Son diplôme d’école de commerce en poche, Nicolas Goudy a travaillé en agence puis en cabinet de conseil jusqu’à ce qu’il découvre l’entreprenariat solidaire et social. Intéressé par les problématiques sociales et environnementales, il a quitté son job en décidant d’infiltrer un milieu qui l’amènerait à un projet de sens. C’est lors d’un Start-up Week-end qu’il a d’ailleurs lancé Hacktiv, « un activateur de mouvements citoyens » mettant en relation ceux qui veulent s’investir et les associations. Après un deal avec les mairies de Paris et Bordeaux, Hacktiv devrait se développer dans de nouvelles villes et lancer son application dès 2017.

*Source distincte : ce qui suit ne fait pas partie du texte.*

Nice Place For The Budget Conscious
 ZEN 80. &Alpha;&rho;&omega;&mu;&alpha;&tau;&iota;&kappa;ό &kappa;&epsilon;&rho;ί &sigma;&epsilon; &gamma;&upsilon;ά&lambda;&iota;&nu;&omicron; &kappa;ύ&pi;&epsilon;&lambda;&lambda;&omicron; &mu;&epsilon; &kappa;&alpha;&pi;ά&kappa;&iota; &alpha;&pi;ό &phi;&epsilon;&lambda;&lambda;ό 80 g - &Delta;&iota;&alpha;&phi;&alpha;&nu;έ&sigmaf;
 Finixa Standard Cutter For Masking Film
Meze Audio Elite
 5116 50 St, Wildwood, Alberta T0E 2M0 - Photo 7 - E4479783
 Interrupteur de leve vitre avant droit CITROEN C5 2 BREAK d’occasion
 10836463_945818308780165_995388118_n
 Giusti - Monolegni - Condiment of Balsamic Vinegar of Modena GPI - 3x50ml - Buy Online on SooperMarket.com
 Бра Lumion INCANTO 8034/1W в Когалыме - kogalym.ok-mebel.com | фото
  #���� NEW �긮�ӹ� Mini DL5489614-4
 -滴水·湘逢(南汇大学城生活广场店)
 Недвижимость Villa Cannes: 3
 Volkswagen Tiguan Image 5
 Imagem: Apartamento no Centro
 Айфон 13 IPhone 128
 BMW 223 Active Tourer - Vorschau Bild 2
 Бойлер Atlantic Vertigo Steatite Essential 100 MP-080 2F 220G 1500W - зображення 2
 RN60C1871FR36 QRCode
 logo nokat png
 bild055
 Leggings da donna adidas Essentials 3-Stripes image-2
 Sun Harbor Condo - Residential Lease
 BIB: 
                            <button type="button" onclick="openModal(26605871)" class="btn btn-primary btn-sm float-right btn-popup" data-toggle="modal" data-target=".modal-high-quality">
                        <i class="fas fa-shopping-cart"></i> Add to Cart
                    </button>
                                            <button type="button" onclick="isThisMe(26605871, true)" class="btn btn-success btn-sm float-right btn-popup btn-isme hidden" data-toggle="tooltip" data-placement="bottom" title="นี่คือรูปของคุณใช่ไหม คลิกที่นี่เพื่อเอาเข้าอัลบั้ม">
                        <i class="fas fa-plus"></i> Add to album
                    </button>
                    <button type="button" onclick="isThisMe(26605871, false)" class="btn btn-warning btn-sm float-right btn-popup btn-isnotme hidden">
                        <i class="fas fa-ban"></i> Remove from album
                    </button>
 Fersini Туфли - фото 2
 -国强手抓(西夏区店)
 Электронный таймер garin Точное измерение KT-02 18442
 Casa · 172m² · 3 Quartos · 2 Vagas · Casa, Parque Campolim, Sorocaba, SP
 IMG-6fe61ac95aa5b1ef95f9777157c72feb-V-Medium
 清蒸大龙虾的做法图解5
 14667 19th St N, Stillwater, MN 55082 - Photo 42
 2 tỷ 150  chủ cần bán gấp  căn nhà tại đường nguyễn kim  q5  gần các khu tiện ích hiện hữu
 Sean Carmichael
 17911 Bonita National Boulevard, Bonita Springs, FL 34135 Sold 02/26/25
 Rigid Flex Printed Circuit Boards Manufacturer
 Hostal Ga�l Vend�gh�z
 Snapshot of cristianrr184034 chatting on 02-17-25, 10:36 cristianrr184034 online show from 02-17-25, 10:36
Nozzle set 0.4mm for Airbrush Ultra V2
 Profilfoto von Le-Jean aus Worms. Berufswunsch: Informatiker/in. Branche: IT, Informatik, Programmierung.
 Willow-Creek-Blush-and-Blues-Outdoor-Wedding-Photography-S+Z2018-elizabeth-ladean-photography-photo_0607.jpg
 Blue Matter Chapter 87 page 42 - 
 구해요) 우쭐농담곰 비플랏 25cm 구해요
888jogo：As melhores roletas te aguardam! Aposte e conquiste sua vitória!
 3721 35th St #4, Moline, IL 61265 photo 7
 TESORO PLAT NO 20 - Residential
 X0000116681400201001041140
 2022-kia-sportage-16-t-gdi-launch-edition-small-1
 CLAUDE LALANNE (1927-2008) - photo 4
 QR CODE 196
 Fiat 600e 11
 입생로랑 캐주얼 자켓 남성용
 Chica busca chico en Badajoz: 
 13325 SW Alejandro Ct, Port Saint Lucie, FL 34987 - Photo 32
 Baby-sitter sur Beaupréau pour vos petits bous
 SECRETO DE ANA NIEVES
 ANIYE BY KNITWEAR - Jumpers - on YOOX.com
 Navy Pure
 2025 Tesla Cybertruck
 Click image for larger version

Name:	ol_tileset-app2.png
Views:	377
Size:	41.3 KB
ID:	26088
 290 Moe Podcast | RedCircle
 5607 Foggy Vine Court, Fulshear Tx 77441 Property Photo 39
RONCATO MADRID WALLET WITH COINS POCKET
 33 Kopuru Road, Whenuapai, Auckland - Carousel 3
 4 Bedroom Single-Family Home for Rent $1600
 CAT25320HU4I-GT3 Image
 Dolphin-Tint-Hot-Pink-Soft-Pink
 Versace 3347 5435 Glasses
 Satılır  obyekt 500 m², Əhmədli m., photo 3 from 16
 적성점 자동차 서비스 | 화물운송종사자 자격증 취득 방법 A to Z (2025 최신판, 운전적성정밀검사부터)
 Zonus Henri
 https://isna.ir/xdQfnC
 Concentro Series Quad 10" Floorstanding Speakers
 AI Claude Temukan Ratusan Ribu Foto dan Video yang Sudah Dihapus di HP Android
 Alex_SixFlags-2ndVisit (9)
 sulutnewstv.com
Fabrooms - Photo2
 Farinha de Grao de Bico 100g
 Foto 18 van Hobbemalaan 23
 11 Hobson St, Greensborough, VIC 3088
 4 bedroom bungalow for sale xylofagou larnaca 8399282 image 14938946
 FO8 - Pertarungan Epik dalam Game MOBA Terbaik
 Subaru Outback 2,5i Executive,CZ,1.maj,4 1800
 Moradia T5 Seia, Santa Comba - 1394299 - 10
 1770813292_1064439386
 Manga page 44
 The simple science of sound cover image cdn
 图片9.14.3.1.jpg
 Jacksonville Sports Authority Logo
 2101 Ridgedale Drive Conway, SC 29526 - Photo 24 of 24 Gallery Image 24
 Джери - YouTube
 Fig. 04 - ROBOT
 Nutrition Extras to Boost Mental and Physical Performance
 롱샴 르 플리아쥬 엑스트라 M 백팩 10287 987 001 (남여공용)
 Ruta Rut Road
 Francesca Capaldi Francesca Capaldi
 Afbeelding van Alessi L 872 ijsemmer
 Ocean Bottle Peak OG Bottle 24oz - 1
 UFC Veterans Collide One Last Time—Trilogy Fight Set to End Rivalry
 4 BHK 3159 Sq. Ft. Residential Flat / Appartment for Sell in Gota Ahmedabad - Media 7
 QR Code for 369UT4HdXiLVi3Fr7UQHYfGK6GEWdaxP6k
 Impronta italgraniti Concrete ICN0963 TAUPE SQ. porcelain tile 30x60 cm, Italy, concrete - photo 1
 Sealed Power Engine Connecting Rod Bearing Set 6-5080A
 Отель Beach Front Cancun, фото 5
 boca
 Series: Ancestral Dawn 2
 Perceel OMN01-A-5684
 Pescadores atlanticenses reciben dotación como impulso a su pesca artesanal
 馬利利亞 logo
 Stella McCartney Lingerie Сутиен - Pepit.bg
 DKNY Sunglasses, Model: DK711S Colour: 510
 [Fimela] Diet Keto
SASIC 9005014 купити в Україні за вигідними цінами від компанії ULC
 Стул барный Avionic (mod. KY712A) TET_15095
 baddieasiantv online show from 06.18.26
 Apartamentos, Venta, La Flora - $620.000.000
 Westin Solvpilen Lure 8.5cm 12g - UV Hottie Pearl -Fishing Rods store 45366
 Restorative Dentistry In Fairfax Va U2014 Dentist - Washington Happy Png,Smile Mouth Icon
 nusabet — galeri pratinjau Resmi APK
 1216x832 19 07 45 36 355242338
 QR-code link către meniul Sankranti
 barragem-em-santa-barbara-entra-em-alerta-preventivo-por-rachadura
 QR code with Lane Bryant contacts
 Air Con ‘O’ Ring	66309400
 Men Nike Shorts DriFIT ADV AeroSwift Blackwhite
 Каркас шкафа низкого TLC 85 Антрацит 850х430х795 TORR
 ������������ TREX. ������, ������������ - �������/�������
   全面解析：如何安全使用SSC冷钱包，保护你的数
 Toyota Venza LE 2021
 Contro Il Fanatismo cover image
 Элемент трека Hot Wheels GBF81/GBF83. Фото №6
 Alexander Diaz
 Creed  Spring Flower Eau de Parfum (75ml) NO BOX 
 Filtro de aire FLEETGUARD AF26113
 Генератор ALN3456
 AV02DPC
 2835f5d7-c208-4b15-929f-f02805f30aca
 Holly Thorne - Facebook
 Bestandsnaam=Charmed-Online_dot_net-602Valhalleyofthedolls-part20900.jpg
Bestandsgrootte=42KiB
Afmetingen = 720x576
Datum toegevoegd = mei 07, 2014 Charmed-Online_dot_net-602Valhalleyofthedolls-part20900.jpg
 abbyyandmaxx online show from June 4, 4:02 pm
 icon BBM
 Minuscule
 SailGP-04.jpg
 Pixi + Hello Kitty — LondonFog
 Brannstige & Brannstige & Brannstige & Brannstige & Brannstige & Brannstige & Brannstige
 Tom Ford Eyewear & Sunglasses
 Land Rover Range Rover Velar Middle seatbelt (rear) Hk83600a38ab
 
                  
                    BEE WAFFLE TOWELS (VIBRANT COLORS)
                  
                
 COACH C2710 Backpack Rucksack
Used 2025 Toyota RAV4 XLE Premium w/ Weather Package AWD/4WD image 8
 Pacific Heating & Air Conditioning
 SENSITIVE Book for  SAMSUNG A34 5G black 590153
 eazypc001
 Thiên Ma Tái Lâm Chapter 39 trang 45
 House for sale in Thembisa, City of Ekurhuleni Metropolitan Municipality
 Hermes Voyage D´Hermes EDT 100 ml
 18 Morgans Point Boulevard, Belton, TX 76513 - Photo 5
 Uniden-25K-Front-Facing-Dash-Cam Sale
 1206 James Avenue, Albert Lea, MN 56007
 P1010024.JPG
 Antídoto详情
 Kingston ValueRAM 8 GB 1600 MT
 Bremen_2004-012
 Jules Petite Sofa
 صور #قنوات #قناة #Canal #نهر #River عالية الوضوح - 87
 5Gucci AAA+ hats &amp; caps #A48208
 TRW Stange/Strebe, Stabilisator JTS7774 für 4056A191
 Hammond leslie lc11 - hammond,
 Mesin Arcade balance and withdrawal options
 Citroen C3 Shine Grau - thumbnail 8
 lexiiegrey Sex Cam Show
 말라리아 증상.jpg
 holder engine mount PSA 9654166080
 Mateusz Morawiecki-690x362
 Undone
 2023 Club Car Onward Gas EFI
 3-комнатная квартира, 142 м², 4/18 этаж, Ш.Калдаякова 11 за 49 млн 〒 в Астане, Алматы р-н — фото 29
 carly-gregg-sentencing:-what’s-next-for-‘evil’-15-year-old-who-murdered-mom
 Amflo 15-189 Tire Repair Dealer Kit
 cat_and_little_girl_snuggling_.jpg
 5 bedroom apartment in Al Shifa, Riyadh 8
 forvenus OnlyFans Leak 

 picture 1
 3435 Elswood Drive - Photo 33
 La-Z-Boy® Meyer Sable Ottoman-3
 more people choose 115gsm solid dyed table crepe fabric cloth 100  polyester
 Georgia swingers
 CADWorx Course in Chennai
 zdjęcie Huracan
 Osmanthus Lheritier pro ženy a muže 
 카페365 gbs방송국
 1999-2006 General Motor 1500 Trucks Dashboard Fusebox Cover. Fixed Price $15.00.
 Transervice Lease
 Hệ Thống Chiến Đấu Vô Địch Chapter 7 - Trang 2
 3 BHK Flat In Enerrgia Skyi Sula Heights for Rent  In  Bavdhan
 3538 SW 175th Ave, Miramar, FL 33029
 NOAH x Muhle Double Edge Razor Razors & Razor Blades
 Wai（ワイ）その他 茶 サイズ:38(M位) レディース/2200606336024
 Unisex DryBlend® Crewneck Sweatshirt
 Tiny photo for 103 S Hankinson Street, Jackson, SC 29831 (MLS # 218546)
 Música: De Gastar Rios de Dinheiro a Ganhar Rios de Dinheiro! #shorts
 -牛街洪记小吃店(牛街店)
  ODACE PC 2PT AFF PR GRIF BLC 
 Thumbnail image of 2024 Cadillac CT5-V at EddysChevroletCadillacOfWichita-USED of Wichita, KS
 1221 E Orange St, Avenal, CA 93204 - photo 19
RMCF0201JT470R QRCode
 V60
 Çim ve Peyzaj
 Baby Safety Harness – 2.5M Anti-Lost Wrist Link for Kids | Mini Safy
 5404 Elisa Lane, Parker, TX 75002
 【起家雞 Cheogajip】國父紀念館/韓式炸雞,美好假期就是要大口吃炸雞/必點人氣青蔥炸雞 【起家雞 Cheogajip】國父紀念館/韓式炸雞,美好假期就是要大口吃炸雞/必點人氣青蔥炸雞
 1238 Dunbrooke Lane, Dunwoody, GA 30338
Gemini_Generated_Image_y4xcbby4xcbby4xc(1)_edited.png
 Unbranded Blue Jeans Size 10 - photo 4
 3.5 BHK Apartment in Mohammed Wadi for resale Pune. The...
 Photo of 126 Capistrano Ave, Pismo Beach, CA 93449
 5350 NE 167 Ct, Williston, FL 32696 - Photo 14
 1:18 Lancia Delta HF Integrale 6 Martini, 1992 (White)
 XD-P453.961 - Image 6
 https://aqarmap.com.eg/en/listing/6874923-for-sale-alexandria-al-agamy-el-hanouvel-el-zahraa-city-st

Nicolas, où as-tu grandi et comment s’est passée ton enfance ?

J’ai grandi en Ariège, au sud de Toulouse dans une grande famille. Une grande sœur, un petit frère et plein de cousins ! C’était super, ça apprend la vie, ça apprend tout. Puis, j’ai eu aussi envie d’appendre par moi-même et de découvrir le monde alors le bac en poche, je me suis installé à Paris.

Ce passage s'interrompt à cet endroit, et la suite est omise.